早期の舌癌は発見しやすいが、歯肉癌は歯周病との鑑別が難しく発見しずらいようです。
歯肉癌の特徴は表面が粗造でやや紅味を帯びており、こすると出血しやすいようです。
日本での全体的ながん患者は増加していますが、年齢調整をすると実は減少傾向にあります。

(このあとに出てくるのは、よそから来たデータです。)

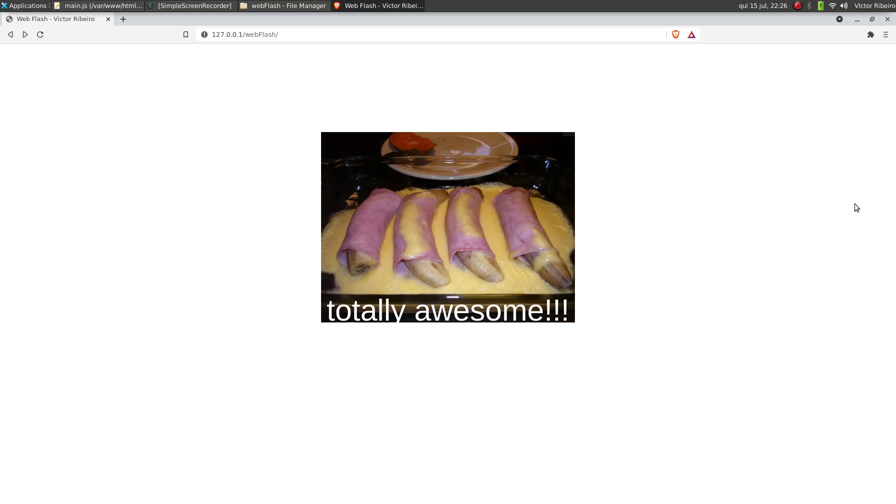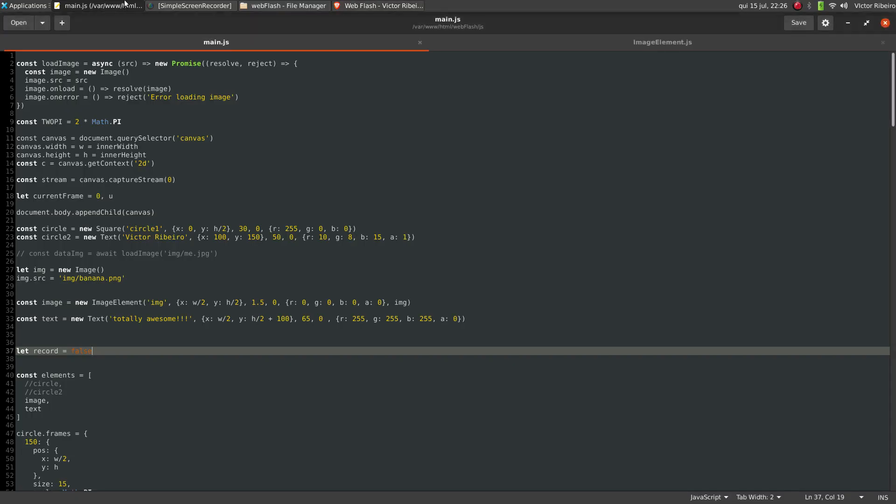Totally awesome. Some text, some energy element. Now we can animate images. So the other thing that I did was the ability to record a video out of this animation.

高齢者が増加するとどうしても癌患者は多くなるようです。
その中で口腔癌は増加傾向にあります。
最近ではAYA世代という子供~若い大人世代にも口腔癌は増加しているそうです。
海外ではHPVの関連が考えられています。
口腔癌の危険因子は、喫煙や飲酒以外にも不適合な義歯や歯の鋭縁、歯周病や虫歯の放置、歯列の舌側傾斜などが考えられています。
口腔粘膜疾患の見方のポイントは視診と触診です。
・色 白と赤
・形 表面の粗造感や不均一感
・硬さ 周囲の硬結
・機能 知覚と運動神経
色は白より赤が怖いようです。
口腔癌の主な治療法は切除療法になります。
大きく切除すれば術後の機能障害はとても深刻です。
だから小さいうちに早期に発見することがとても大事なのです。
浦安市歯科医師会は何年も前から、浦安市に市民の口腔がん検診の実施を呼びかけていましたが、内田市長になってからトントン拍子に話が進んだようです。

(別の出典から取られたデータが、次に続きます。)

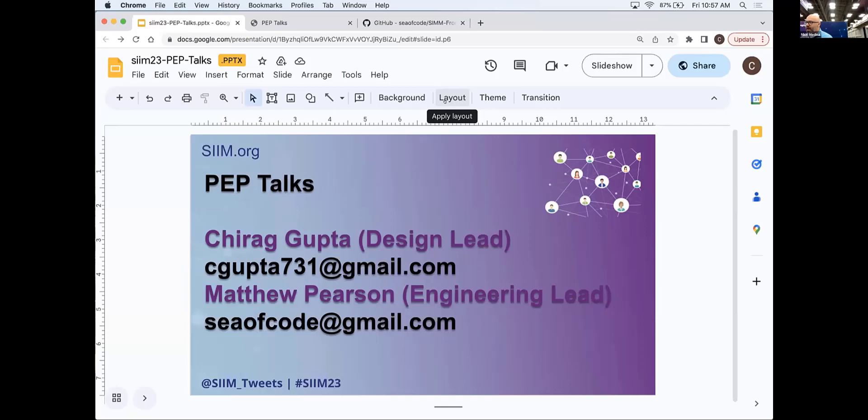Next, we have team nine: Automated Pixel Data De-identification. And they're coming up on stage.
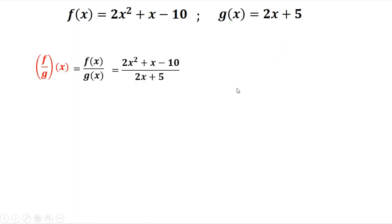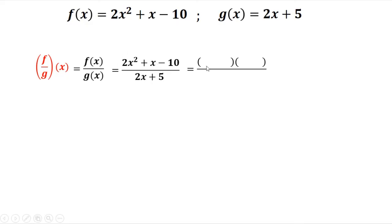Next we need to check if we can factor the numerator, 2x squared plus x minus 10. We're going to use trial and error factoring. The factors of 2x squared are 2x times x, and the factors of 10 are 5 times 2. To check if this is correct, you just do the multiplication.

内田市長は千葉県議会議員時代から福祉に関心を持たれていたので、市長ご自身も口腔がん検診の実施を熱望しておられたようです。
この取組をおこなうために、浦安市歯科医師会の会長をはじめ、担当した会員の先生は多大な労力を払ってやっとこの4月から始動します。
浦安市の口腔がん検診の名称は
OCTOPUS オクトパス
Oral Cancer Thorough Observation Project Urayasu System
OCTOPUSの目的
日常の歯科診療において、歯科医師が口腔粘膜の診察にも目を向け、口腔がんを早期に発見することを目的とする浦安市独自のシステム
東京歯科大学市川病院のボランティア的な協力も頂き、4月から実施されます。
今年1年は900人分の予算が得られました。
来年度はまだ未定ですが、この検診は必ず浦安市民の健康に関係しますので継続的な実施が行われるよう、身を引き締めて取り組みたいと思います。
対象は40歳以上の浦安市民です。検診費用:無料
私はこのOCTOPUSの制度管理委員として携わっていますが、この検診制度を広く市民に伝えられるよう、目下委員会で検討中です。
この事業は浦安市歯科医師会、行政、浦安市民の協力とご理解の上で成り立ちます。
新しい事業が継続して運営できるように頑張りたいと思います。